One Weird Star Starts Acting Like Another
02.21.08
There’s a lot of strange stuff in outer space. But of all the bizarre objects out there, one of the weirdest would be a neutron star. These objects form when the core of a huge star stops producing energy. Gravity collapses the core to form a neutron star. The rest of the star blows up in a stupendously powerful explosion called a supernova.
Neutron stars are unlike anything found on Earth. These objects pack about one to two Suns worth of material into a ball no larger than New York City. A few cups of neutron star stuff would outweigh Mount Everest, the highest mountain on Earth!
For years, astronomers have known that some neutron stars emit regular pulses. They essentially go beep-beep-beep-beep-beep, and so on, with a perfectly regular spacing between each beep. These neutron stars are known as pulsars, for their pulsing signals. Pulsars spin very rapidly, and it’s this rapid spin that provides the energy for their pulses.
In the 1990s, astronomers discovered a different kind of neutron star. These objects spin slower than pulsars. Because they spin slower, they must be drawing most of their energy from a different kind of source. This source is magnetism. Magnetars are the most magnetic known objects in the entire universe! Their magnetic fields are so powerful that they could kill a human being many thousands of miles away.
Until now, pulsars and magnetars seemed to form two separate classes. A neutron star was either a pulsar or a magnetar, but not both. But using NASA’s Rossi X-ray Timing Explorer (RXTE), astronomers have found a neutron star that seems to share characteristics of both types.

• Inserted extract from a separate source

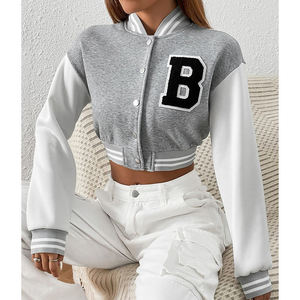 Chaqueta Varsity Corta de Diseño Superior para Mujer, Precio al por Mayor, Chaqueta Varsity Corta de Moda para Mujer a Precio Económico - Product Image 4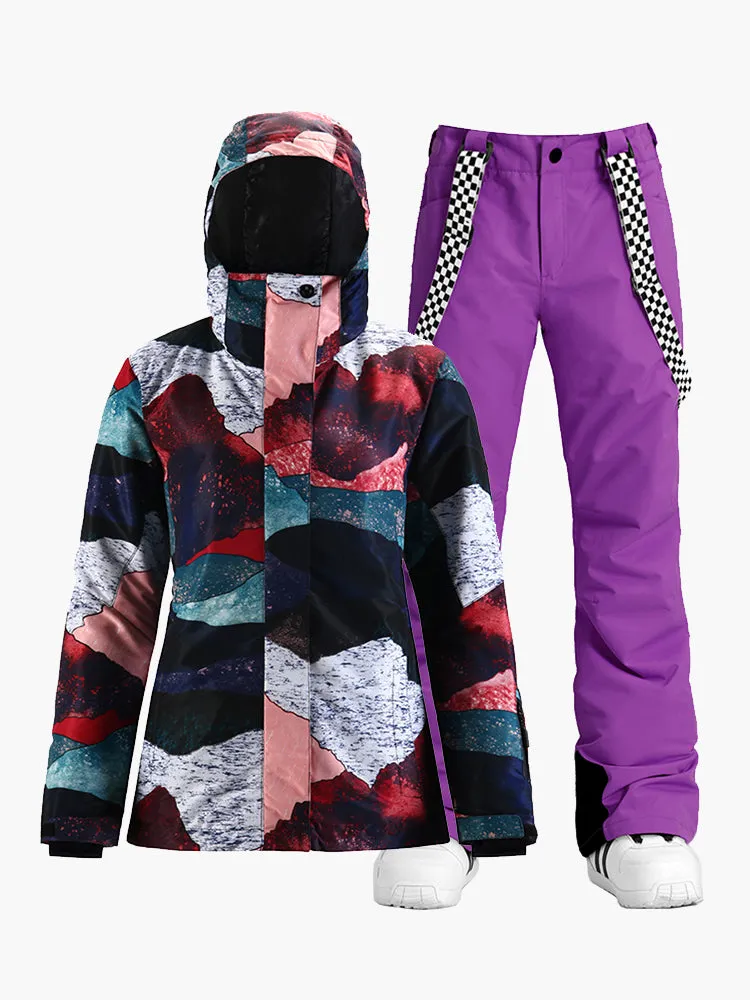 The new ski pants suit thickened warmth, waterproof and breathable snow travel equipment double board snow suit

This neutron star is known as PSR J1846-0258. “PSR” is short for “pulsar,” and the numbers stand for its sky location in the constellation Aquila. For years, PSR J1846 seemed like an ordinary pulsar, beeping three times per second as it spins on its axis.
But a team of Canadian and American astronomers led by Fotis Gavriil of NASA’s Goddard Space Flight Center in Greenbelt, Md., decided to take a closer look at this pulsar. They realized that RXTE observed this pulsar in 2006, but nobody had looked at the observations in detail. When Gavriil and his colleagues studied these observations, they realized that PSR J1846 gave off five huge outbursts of energy. Four of these bursts occurred on May 31, 2006, and the other on July 27, 2006. Each of these flares lasted less than one second, yet they unleashed the energy of tens of thousands of Suns!
Regular pulsars have never been seen to produce such violent bursts of energy. But magnetars generate them frequently. So Gavriil and his team have found a pulsar that produces outbursts like those generated by magnetars. "We are watching one type of neutron star literally change into another right before our very eyes. This is a long-sought missing link between different types of pulsars," says Gavriil.
"Young, fast-spinning pulsars were not thought to have enough magnetic energy to generate such powerful bursts," says team member Marjorie Gonzalez, who is now based at the University of British Columbia in Vancouver, Canada. "Here’s a normal pulsar that’s acting like a magnetar."
Astronomers know that PSR J1846 is very young. It is no more than 884 years old, which is very young compared to most objects in the universe. Astronomers used to think that a neutron star was either a magnetar or a pulsar. But this discovery suggests that maybe magnetars are just a phase of a neutron star’s life cycle. In other words, maybe a neutron star starts off as a magnetar, but that it doesn’t start producing outbursts until its several hundred years old. It acts like a magnetar for perhaps a few thousand years, and then it settles down and becomes a pulsar.